What’s interesting about moat is that if a moat needs to be continuously built, it isn’t a moat at all. How do you know if you’re paying up or overpaying for the moat? This time we invert the conundrum of moat to explore the symptoms of false-moat trap.
Over the past few months, I have spent considerable time studying about business, their longevities, moats, what helps them sustain, and what dilutes them over time.
As an investor in stocks, studying what makes a few businesses really great and their moats sustain over a long period of time, and on the other hand, what makes a majority of businesses bad and their moats, if any, fleeting has been an interesting aspect of my work.
So, while I have not yet arrived at any Eureka moment on how and why some moats sustain over a long period of time, and how can one identify in advance when a moat is shrinking, there have been some thoughts that I have formed through such reading.
I had shared some of those thoughts in my last post in the June 2015 Special Report.
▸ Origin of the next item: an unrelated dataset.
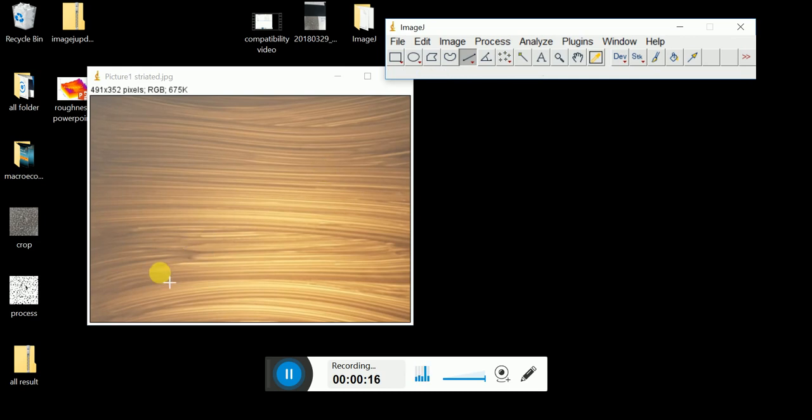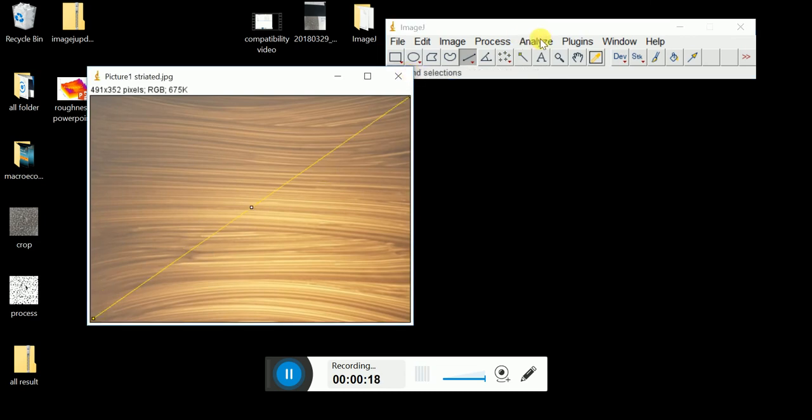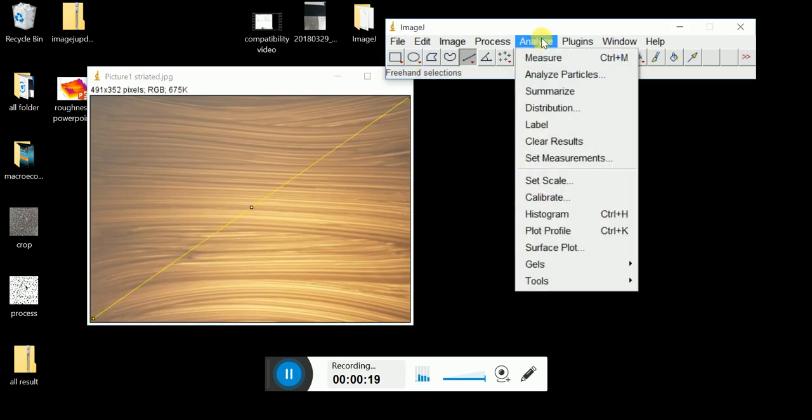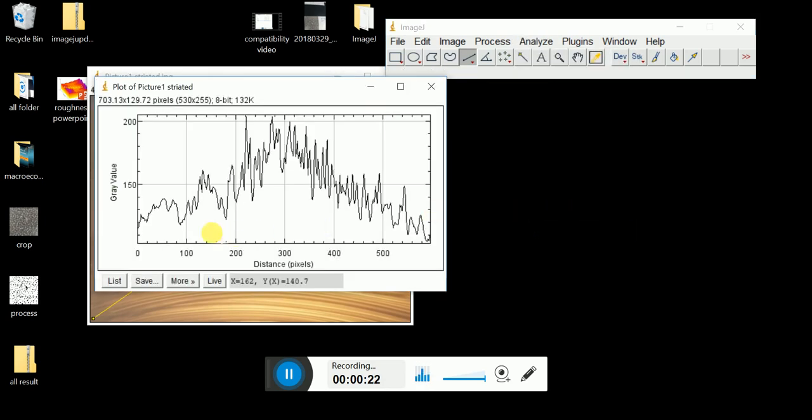Draw a straight line from one end to another end. Click Analyze, Plot Profile. So you will see it's a curve.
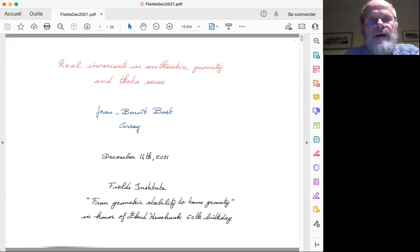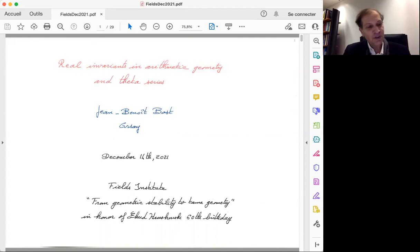The next talk is by Jean-Manuel Bost, titled 'Real Invariance in Arithmetic Geometry and Theta Series.' It's a great honor and pleasure to take part in this conference in honor of Udi's birthday, and I am very grateful for the invitation.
This post is a continuation of what else I have learned about moats, and especially about the dark side of investing in either emerging moats or ones that have already had a proven past.
I’m sure you may be wondering, “What could be the dark side of moats?”
Well, without trying to lay down any clear theories on the same, what I will be sharing below are just a few thoughts on the risks of investing in moats that you must keep in mind when you are buying such businesses that seem to be in their full glory and not destined to failure in the future.
But then, like s**t happens in real life, it often happens when it comes to investing…and that’s what makes it such an interesting game where you must keep learning…and evolving.
Let’s Start with…Destruction
When changes in the natural environment accelerate, so do the extinction rates of the Earth’s creatures. It happened to the dinosaurs and again to many species during the Ice Age. Many scientists believe we may be entering another such period.